[Data items]

Content starts

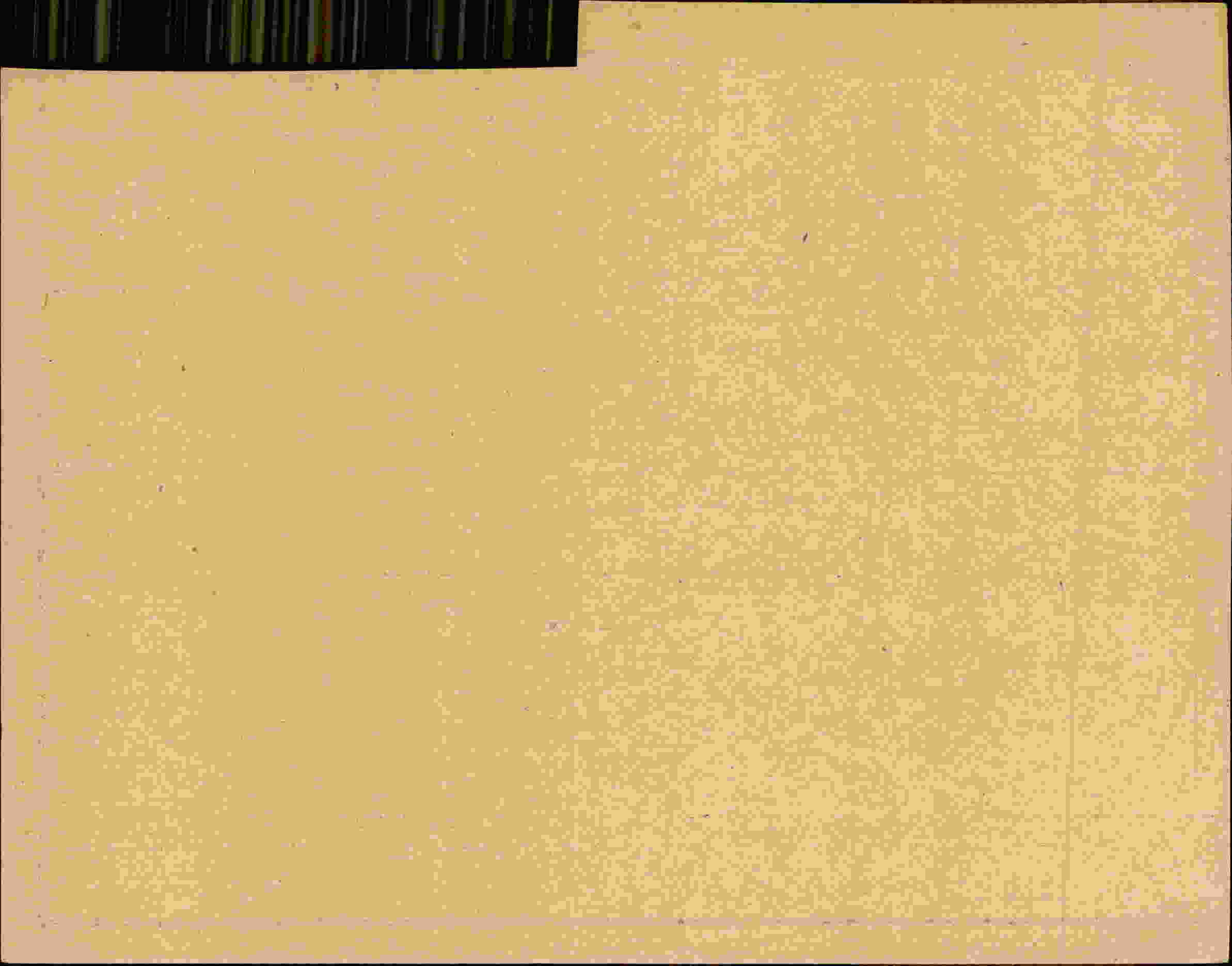 Rückseite des Dokuments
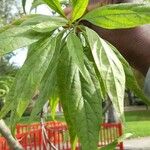 Clinacanthus nutans Leaf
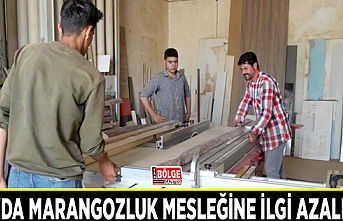 Van'da marangozluk mesleğine ilgi azalıyor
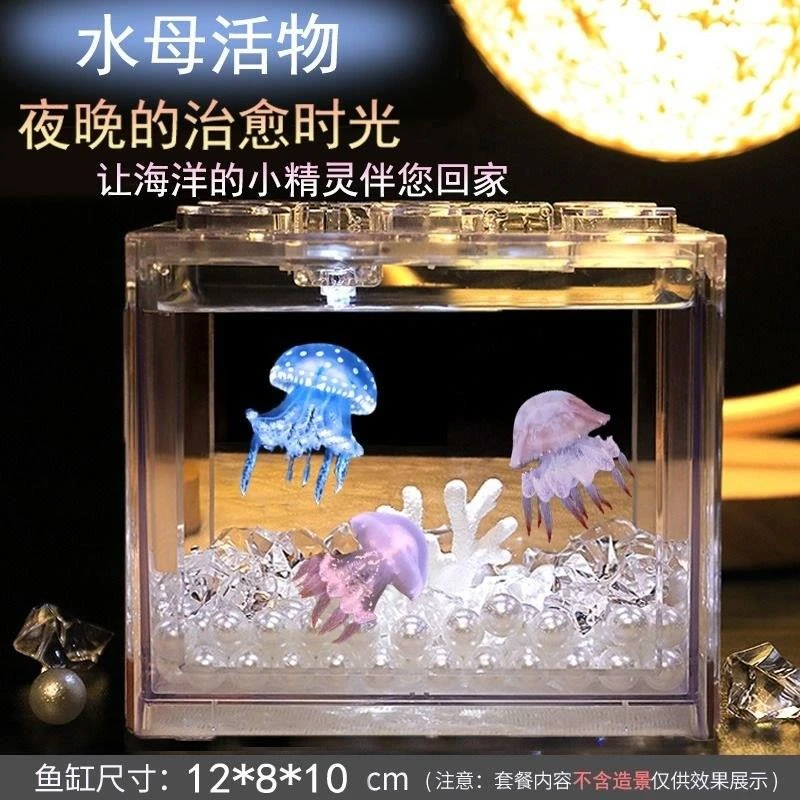 【包活到家】宝藏小水母宠物好养无电小孩子礼物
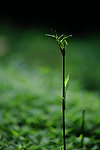 青草
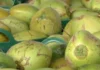 Panagipatulod ti 32,000 a buko idiay Liberia, possible a mangilukat ti baro nga export market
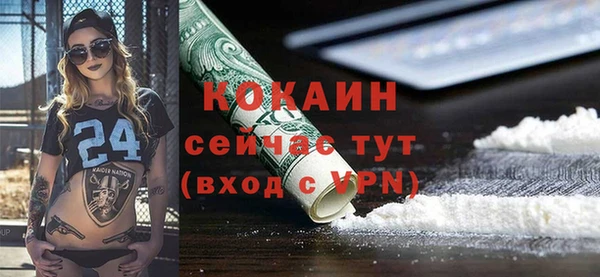 Альфа ПВП Гусь-Хрустальный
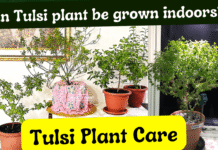 Can Tulsi Plant Be Grown Indoors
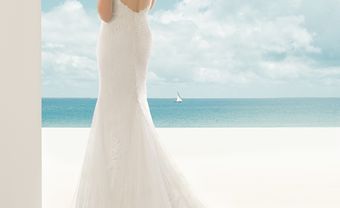 Ngắm bô sưu tập áo cưới ROSA CLARA - Blog Marry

Content ends

Every record, from top to bottom, gets written out exactly; no picture goes into the copy.

● Result below:
 Rückseite des Dokuments
 Clinacanthus nutans Leaf
 Van'da marangozluk mesleğine ilgi azalıyor
 【包活到家】宝藏小水母宠物好养无电小孩子礼物
 青草
 Panagipatulod ti 32,000 a buko idiay Liberia, possible a mangilukat ti baro nga export market
 Альфа ПВП Гусь-Хрустальный
 Can Tulsi Plant Be Grown Indoors
 Ngắm bô sưu tập áo cưới ROSA CLARA - Blog Marry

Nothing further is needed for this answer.